It's a much broader overview of the field so read that first if you need an intro!
A lot of the example programs mentioned feel more like functions (stateless + deterministic mapping of a tuple of inputs to a single output).
In contrast, I think of a 'program' as having a longish lifecycle comprising a stream of inputs and outputs.
Relatedly, I'm not clear how well the approaches detailed here actually would scale with complexity - is this a meaningful building block in building more complex applications? Or is some higher-order framework needed that 'knows' how to apply this in a rich context?
Most of the recent work in this field seems to be based around the idea of program "sketching", i.e. the programmer sketches a high-level specification, and the algorithms progressively synthesise and evaluate small functions / programs to efficiently implement the sketch.
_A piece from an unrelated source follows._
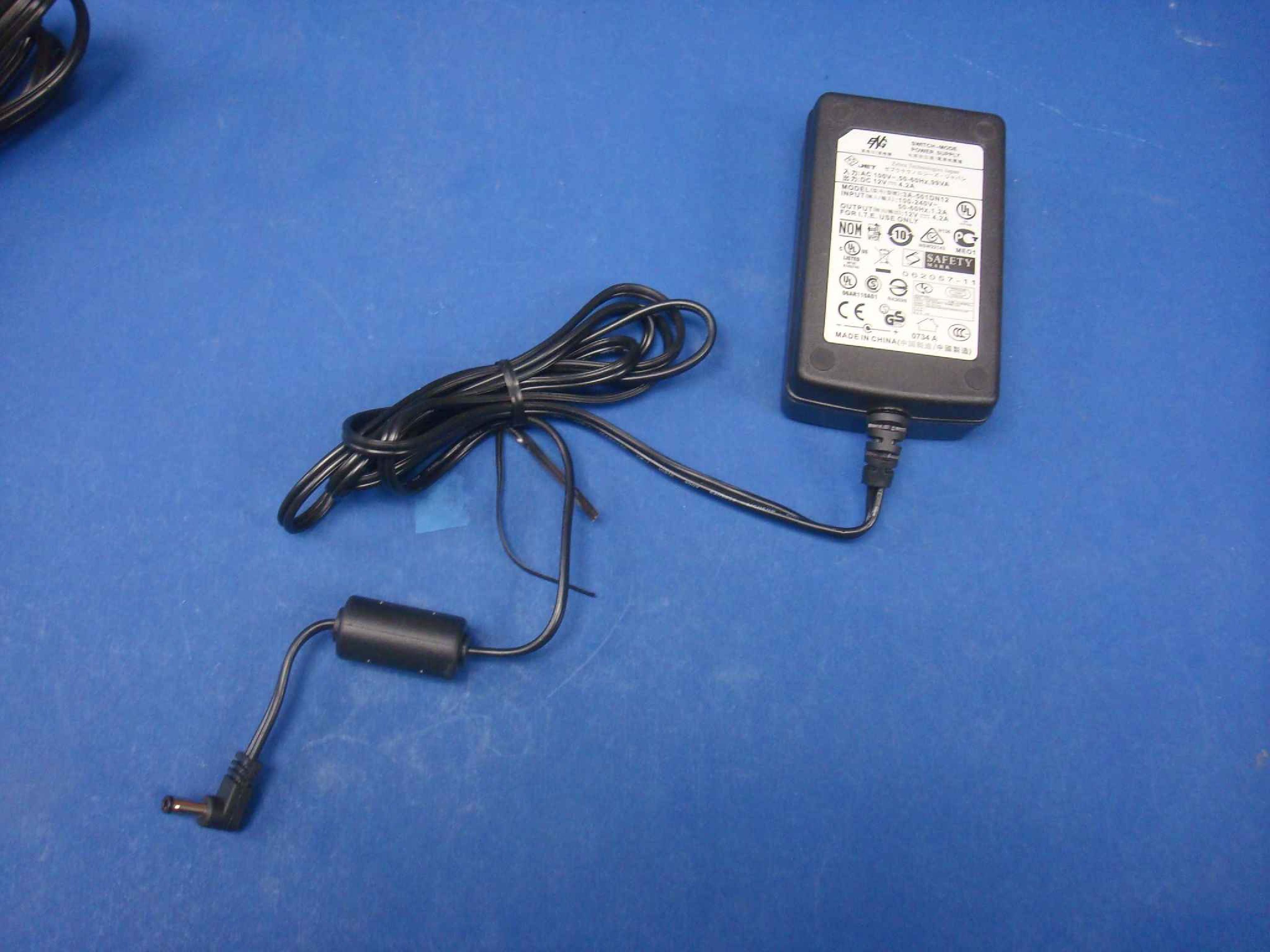 ZEBRA TECHNOLOGIES 3A-501DN12 CLONE AC ADAPTER POWER SUPPLY 12V 4.2A OD:5.5MM ID:2.5MM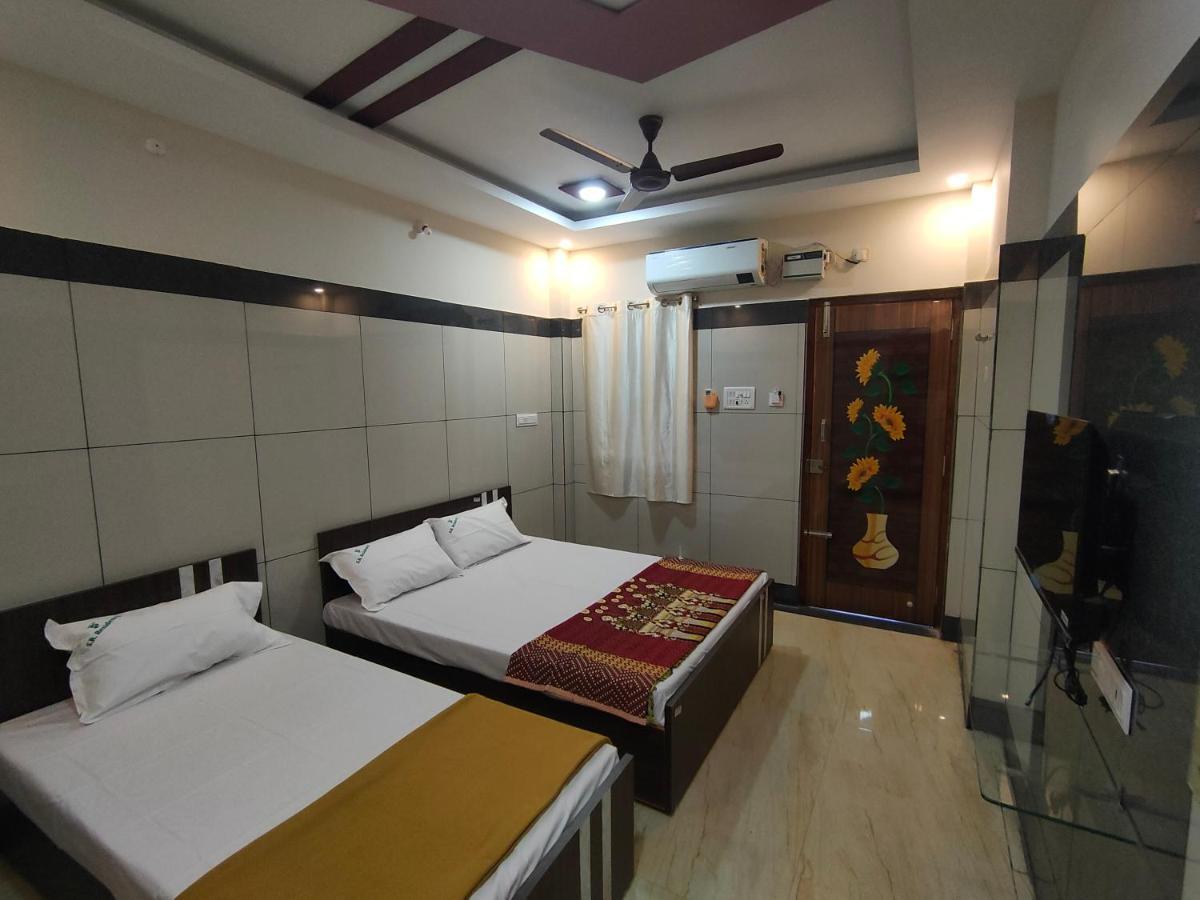 Bed and Breakfast Sar Raj S R Residency Веллуру Екстер'єр фото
No doubt machine learning researchers will have something to say about this though...
A big hall with computers, churning on calculations to end up with reusable modules/components for some predescribed purpose. These are combined and eventually larger systems emerge.
The inputs to the calculations were to be descriptions of what the program should do, no details on the "how". For instance, "make an input box for name and snailmail address, with cancel and ok buttons".
It was obviously warp engine level stuff when it comes to feasibility and I thought it would be very far away, like 100 years away... But maybe it is closer than that.
Tie generative methods in with solvers for hydrodynamics, motions, structures, stability, etc, and one can conceive of automating the ship hull design spiral, or sections of it anyway. That's not to say that some of this is not already out there in commercial software.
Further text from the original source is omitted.